### What you have to do
Restate the listing below word for word, and leave its pictures behind.

### Provided material
--*--

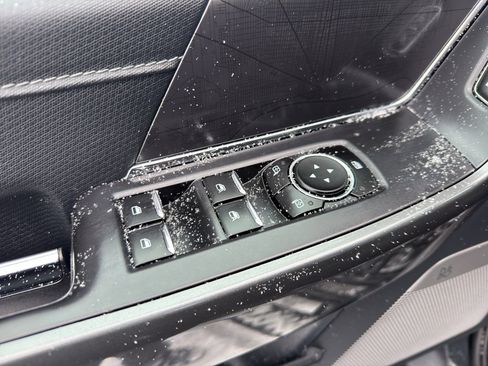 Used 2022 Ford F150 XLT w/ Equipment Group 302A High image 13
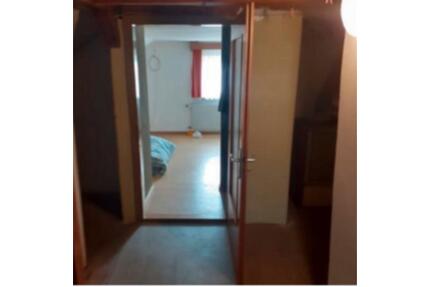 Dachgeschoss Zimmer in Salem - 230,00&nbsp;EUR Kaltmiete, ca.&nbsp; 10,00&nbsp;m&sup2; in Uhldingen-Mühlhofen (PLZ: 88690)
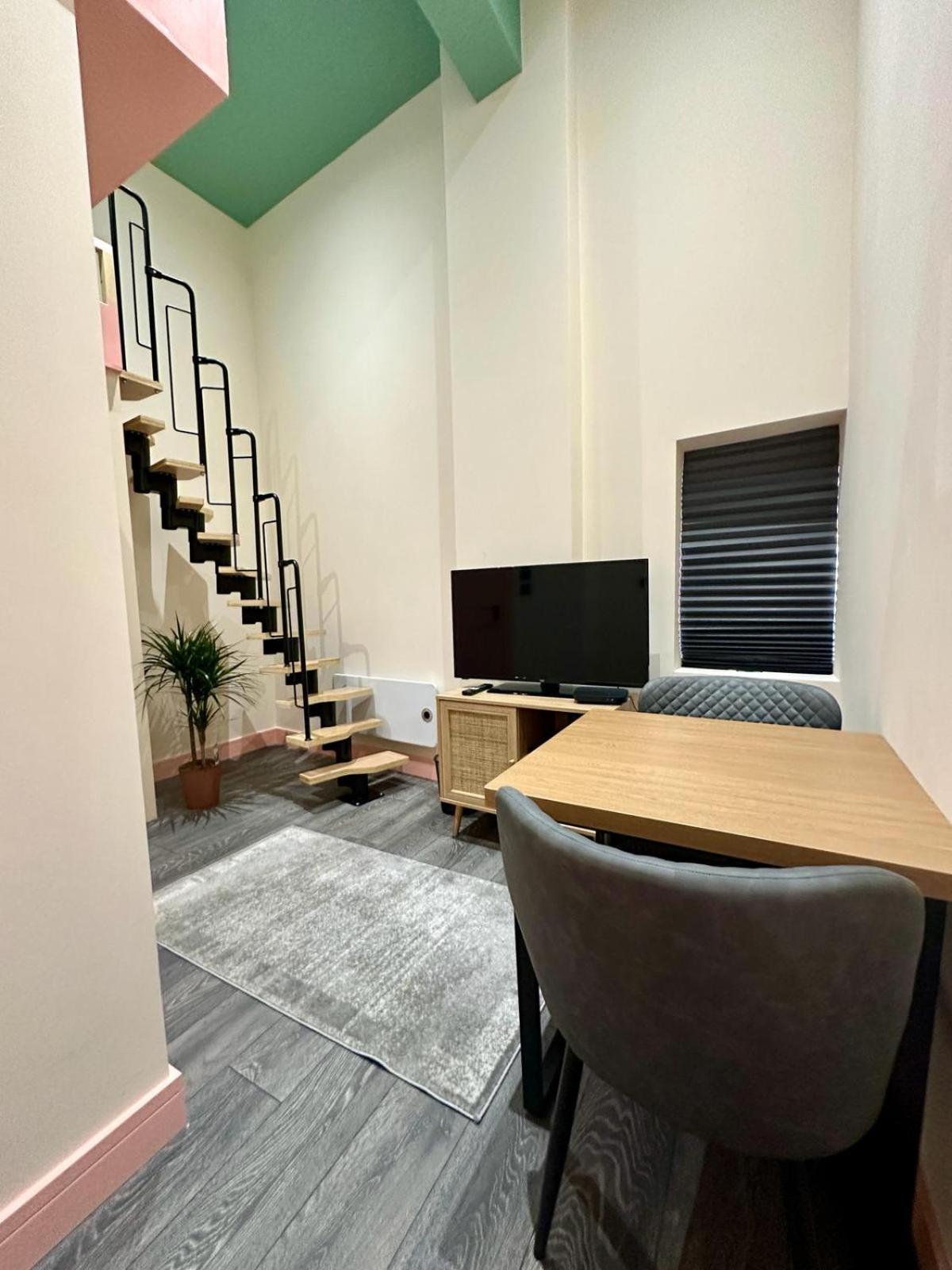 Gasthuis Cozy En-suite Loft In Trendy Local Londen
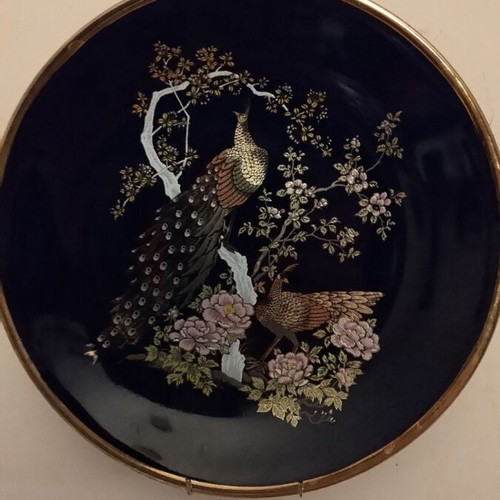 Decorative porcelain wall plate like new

--*--

### Written answer
 Used 2022 Ford F150 XLT w/ Equipment Group 302A High image 13
 Dachgeschoss Zimmer in Salem - 230,00&nbsp;EUR Kaltmiete, ca.&nbsp; 10,00&nbsp;m&sup2; in Uhldingen-Mühlhofen (PLZ: 88690)
 Gasthuis Cozy En-suite Loft In Trendy Local Londen
 Decorative porcelain wall plate like new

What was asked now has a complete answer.